MOVIES: Criticizing the Critics

John Scott Lewinski
LUG MAGAZINE
Published in
4 min readMar 31, 2020

You read them. You saw them as they flew into your face from the TV screen. You wondered how much it cost for studio advertisers to slash them across the newspaper page with such bold font.

“The summer’s hottest comedy. Hilarious.”

“Move over ‘Matrix,’ here comes…A mesmerizing sci-fi masterpiece…”

“Not since…has there been a movie so moving…”

Just about all of them promise, “You’ll love it.” So, you go. You pay. You watch. You contemplate “loving it.” You don’t. None of your friends cared for it either. No one you know so much as liked it. One guy you worked with walked out because the morbidly obese woman next to him fell asleep and drooled on his popcorn.

So, why would a supposedly qualified film critic go out of his or her way to rant and rave about such a bomb?

Maybe they’re just flat wrong. After all, critics are human and any art form is a subjective exercise. Of course, there are also two uglier possibilities: They were intentionally misquoted by movie advertisers, or, worse, they were somehow bought off to provide the desired positive review.

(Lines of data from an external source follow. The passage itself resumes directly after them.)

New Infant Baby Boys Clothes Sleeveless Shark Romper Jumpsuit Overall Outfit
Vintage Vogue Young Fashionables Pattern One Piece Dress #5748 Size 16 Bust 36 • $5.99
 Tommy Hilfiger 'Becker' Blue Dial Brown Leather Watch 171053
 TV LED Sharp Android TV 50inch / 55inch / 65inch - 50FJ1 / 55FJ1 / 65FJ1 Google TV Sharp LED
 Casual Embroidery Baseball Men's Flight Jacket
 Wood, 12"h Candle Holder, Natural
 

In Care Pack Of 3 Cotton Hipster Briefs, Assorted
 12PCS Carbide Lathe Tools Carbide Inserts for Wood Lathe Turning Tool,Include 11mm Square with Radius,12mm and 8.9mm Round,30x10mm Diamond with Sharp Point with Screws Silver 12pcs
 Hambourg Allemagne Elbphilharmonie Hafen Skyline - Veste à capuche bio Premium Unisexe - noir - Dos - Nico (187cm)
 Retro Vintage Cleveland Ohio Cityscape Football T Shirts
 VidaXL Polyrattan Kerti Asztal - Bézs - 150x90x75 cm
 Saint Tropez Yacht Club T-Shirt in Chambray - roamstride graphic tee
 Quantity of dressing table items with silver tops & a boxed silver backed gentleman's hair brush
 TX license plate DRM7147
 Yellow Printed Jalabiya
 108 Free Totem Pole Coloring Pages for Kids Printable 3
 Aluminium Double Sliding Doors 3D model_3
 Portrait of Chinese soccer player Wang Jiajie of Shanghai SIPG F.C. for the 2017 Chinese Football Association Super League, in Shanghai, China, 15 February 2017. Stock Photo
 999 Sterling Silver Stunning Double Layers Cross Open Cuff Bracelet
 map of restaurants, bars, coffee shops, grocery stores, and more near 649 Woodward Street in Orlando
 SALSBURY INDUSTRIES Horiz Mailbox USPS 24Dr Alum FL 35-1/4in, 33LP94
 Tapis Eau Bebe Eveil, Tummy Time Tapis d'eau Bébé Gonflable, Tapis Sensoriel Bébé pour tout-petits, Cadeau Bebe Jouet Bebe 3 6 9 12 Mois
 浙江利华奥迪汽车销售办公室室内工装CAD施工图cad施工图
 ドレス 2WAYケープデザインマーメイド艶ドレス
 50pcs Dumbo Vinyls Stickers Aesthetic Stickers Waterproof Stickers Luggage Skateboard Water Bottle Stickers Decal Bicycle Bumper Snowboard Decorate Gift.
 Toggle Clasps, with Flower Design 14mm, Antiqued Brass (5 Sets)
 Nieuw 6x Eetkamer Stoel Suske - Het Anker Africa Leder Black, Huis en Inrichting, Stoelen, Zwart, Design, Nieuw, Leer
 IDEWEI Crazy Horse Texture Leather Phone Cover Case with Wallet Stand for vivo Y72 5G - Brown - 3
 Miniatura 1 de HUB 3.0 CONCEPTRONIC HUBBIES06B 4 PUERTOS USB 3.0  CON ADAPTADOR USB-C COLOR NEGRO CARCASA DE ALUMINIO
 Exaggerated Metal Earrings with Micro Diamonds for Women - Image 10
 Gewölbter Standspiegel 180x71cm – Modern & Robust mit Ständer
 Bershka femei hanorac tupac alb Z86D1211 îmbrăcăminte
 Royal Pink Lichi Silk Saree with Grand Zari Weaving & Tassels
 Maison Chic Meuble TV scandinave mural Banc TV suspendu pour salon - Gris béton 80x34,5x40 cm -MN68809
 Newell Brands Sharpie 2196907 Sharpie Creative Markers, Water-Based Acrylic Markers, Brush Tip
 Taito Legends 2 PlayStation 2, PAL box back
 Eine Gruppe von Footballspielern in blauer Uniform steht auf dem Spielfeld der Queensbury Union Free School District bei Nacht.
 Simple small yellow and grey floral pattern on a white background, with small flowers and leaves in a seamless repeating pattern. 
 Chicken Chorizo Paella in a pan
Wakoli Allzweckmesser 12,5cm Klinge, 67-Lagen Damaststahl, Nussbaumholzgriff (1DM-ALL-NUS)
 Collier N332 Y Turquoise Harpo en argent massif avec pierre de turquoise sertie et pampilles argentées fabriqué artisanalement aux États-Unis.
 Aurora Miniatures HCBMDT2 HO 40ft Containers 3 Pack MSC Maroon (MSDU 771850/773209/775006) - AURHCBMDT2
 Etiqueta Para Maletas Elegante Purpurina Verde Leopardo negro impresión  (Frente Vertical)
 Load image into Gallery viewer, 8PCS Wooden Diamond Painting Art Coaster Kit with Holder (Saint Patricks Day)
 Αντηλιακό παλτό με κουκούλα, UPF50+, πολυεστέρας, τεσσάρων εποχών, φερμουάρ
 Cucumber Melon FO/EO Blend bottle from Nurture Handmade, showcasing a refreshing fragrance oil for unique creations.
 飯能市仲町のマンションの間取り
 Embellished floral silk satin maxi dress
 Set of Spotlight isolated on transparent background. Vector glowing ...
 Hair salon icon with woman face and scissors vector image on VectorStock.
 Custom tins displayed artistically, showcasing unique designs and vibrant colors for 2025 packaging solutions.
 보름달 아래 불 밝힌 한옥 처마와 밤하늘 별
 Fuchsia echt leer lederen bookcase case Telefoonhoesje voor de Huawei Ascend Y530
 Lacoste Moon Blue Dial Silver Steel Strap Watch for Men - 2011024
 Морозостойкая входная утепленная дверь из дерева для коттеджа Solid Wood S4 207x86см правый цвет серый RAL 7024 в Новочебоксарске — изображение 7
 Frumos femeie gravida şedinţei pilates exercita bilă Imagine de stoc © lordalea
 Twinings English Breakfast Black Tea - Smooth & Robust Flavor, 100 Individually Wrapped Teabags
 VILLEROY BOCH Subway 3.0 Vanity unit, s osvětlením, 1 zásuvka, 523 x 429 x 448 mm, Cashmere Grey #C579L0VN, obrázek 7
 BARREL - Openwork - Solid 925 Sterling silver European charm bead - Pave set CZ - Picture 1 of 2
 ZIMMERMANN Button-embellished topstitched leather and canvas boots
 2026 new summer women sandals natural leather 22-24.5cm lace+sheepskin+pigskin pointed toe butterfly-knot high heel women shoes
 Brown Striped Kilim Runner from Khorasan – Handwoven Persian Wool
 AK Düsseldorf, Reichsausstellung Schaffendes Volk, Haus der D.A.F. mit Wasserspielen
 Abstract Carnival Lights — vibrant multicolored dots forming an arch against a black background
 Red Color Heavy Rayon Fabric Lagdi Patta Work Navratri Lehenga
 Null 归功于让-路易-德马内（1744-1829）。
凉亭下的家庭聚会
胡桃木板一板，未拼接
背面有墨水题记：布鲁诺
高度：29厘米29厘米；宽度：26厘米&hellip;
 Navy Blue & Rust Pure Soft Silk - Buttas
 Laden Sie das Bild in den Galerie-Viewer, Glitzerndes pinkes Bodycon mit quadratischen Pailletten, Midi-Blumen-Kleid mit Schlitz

According to Peter Woodke, an entertainment attorney and media specialist working out of the San Francisco Bay area, the movie buyer must beware when looking through the movie ads:

“Sometimes advertisers never actually quote any critic. They simply display their own ad copy as if a critic said it. If you put it big enough letters with quotation marks around the words, it looks like a critic said it when some copywriter came up with the ‘review.’”

Woodke explained, “Also, advertisers can cover their bases by generalizing. For example, you’ll hear, ‘The critics agree…’ What critics? Well, unless someone wants to hold the studio’s feet to the fire, you’ll never know. You’d have to prove ‘the critics don’t agree,’ or force the studio to name the critics supposedly out their raving about the given film to prove false advertising.”

“No one has the time or the drive to do either. So, the practice continues.”

Michael Orsi, one of several publicity executives for Fox, said it’s that department’s job to put a positive spin on any film they promote.

“It’s not our job to judge the quality of the films we promote,” Orsi said. “We have to present a positive image for those pictures.”

More than a master of the obvious, Orsi added, “But, that never gives us the right to lie or fabricate a positive review. If an advertisement promises a movie is exciting or funny without attribution, that’s presented as the opinion of the studio or filmmakers. If you see it attributed to a critic, the responsibility stays there.”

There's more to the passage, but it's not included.